Flamengo ‘sofre’ com transmissão paga, e Flavio Prado desafia: ‘Quero ver convencer o torcedor’

A cobrança de R$ 10,00 a quem não era sócio-torcedor revoltou grande parte da torcida rubro-negra, que ainda teve de enfrentar falhas do sistema na hora de efetuar o pagamento para assistir ao jogo contra o Volta Redonda na plataforma MyCujoo

  • Por Jovem Pan
  • 06/07/2020 14h57 - Atualizado em 06/07/2020 15h06
Montagem sobre fotos/Flamengo/Divulgação/Jovem Pan/ReproduçãoÀ esquerda, o presidente do Flamengo, Rodolfo Landim; à direita, o comentarista Flavio Prado, do Grupo Jovem Pan

Esqueça os elogios e a “lua de mel” com a torcida após o sucesso da primeira transmissão própria. A diretoria do Flamengo sofreu um desgaste considerável após tentar, sem muito êxito, realizar a exibição paga da partida contra o Volta Redonda, no último domingo, 05, pela semifinal da Taça Rio. A cobrança de R$ 10,00 a quem não era sócio-torcedor revoltou grande parte da torcida rubro-negra, que ainda teve de enfrentar falhas do sistema na hora de efetuar o pagamento para assistir ao jogo na plataforma MyCujoo. Resultado: a alta-cúpula flamenguista se viu obrigada a liberar a transmissão no YouTube minutos antes do apito inicial e teve números de audiência menos expressivos do que na quarta-feira, quando a transmissão da partida contra o Boavista foi 100% gratuita.

Durante o Esporte em Discussão desta segunda-feira, 06, o comentarista Flavio Prado, do Grupo Jovem Pan, analisou a confusão que agitou os bastidores do Flamengo nas últimas horas. Para o jornalista, as falhas do sistema e a reprovação da torcida ao modelo de transmissão paga só provam que os desafios para um clube brasileiro lucrar com a exibição de jogos sem a Rede Globo são enormes. De acordo com ele, dificilmente essa prática vingará no País. “O Flamengo jogou dois, três jogos, arrumou uma crise, uma confusão com a torcida e não conseguiu transformar a transmissão em dinheiro. Esse é o detalhe. Quando eles falaram em cobrar R$ 10,00, a torcida pichou o muro, se revoltou. Uma coisa é você brigar pelos direitos, e outra é monetizar”, alertou Flavio Prado.

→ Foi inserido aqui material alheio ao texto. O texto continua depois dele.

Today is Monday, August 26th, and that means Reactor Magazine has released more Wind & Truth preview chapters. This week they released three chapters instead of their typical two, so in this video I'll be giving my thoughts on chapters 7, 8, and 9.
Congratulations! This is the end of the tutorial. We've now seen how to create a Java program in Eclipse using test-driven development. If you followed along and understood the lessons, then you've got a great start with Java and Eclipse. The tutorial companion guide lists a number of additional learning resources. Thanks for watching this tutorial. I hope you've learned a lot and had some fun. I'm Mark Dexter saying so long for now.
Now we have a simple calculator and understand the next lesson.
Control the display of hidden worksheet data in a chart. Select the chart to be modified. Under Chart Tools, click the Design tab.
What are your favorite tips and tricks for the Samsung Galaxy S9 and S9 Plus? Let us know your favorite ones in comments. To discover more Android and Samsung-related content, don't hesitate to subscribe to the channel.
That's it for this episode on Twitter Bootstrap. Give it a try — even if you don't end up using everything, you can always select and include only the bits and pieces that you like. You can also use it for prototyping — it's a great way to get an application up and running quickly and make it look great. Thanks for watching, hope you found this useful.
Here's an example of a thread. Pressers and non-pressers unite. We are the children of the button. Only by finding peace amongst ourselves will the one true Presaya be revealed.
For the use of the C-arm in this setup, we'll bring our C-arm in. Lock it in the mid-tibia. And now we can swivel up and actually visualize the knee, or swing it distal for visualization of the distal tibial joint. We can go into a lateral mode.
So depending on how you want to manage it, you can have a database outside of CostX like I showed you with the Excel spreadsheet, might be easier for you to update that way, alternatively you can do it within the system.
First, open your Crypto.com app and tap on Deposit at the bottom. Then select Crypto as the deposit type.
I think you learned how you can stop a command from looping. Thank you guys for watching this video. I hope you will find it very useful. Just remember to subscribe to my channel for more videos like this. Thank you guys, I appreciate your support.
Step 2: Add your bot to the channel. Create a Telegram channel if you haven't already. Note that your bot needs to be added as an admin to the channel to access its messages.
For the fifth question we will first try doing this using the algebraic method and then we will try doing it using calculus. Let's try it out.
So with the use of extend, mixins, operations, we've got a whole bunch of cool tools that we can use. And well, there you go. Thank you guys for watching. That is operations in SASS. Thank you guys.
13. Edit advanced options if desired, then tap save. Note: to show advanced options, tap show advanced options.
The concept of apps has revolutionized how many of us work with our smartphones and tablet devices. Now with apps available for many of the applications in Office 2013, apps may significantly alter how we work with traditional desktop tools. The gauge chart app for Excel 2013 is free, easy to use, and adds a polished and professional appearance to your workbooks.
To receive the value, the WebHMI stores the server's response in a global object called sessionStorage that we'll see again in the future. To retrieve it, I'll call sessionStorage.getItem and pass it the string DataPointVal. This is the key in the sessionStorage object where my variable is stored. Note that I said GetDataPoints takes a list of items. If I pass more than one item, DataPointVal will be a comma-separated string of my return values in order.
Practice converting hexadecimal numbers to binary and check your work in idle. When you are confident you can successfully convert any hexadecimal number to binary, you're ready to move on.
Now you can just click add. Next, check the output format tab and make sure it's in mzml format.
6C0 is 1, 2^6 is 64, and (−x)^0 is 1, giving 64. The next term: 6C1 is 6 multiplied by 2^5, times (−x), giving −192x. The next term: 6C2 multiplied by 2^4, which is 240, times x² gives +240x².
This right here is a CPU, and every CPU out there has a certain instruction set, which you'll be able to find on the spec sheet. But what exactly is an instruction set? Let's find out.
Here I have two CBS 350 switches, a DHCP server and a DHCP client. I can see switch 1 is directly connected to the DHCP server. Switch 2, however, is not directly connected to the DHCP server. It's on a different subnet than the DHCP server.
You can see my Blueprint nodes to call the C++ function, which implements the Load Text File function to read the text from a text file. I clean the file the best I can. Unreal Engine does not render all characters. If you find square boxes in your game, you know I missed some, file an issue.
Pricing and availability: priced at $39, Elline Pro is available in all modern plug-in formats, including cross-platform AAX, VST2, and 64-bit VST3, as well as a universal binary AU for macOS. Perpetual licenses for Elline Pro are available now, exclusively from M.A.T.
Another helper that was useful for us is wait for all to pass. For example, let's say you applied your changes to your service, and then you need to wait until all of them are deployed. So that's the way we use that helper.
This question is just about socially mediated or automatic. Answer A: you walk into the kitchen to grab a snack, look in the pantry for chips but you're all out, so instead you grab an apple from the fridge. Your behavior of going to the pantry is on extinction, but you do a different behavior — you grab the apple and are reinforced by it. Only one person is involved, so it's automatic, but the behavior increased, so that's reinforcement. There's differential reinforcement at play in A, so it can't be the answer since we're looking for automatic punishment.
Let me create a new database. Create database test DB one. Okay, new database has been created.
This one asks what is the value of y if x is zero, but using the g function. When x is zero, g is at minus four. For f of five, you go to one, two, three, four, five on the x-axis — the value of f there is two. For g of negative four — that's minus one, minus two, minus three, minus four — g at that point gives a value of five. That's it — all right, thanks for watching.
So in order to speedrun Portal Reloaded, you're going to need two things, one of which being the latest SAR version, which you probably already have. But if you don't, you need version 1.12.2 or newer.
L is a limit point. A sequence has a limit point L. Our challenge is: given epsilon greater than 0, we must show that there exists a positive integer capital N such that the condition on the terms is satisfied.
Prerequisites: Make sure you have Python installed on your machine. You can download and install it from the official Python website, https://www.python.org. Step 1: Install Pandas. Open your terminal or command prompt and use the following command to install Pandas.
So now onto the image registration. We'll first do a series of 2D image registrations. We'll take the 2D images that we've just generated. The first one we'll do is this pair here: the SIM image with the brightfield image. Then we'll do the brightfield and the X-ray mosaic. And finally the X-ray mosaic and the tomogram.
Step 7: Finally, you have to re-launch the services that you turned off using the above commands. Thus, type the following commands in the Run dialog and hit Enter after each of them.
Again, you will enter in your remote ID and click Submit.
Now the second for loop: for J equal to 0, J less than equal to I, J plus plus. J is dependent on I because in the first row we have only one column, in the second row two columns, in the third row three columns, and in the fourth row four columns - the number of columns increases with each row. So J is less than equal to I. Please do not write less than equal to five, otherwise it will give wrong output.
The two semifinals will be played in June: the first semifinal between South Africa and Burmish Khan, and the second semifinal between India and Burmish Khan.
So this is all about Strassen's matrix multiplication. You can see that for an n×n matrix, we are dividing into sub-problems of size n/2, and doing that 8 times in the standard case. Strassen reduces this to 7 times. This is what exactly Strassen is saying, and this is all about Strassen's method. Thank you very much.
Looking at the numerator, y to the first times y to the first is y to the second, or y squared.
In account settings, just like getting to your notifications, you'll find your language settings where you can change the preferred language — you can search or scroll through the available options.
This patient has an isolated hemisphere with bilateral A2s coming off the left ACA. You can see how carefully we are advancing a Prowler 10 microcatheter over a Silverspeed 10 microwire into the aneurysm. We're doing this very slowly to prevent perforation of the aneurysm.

“Eles (dirigentes) estão dando um tiro no pé! Eles não têm capacidade nem para administrar os clubes, quem dirá para fazer televisão! É tiro no pé! Vão voltar com o rabinho entre as pernas pedindo pelo amor de Deus para a Globo voltar a fazer as transmissões e pagá-los!”, acrescentou. “Quando a Globo transmite os jogos na TV aberta, sem o pay-per-view, ela não cobra dos torcedores. E, agora, o cara tem que pagar R$ 10,00 para ver pela internet. É nisso que você tem que pensar! Então, eu quero que convença o torcedor de que ele está levando vantagem nisso! Eu quero só ver!”, finalizou.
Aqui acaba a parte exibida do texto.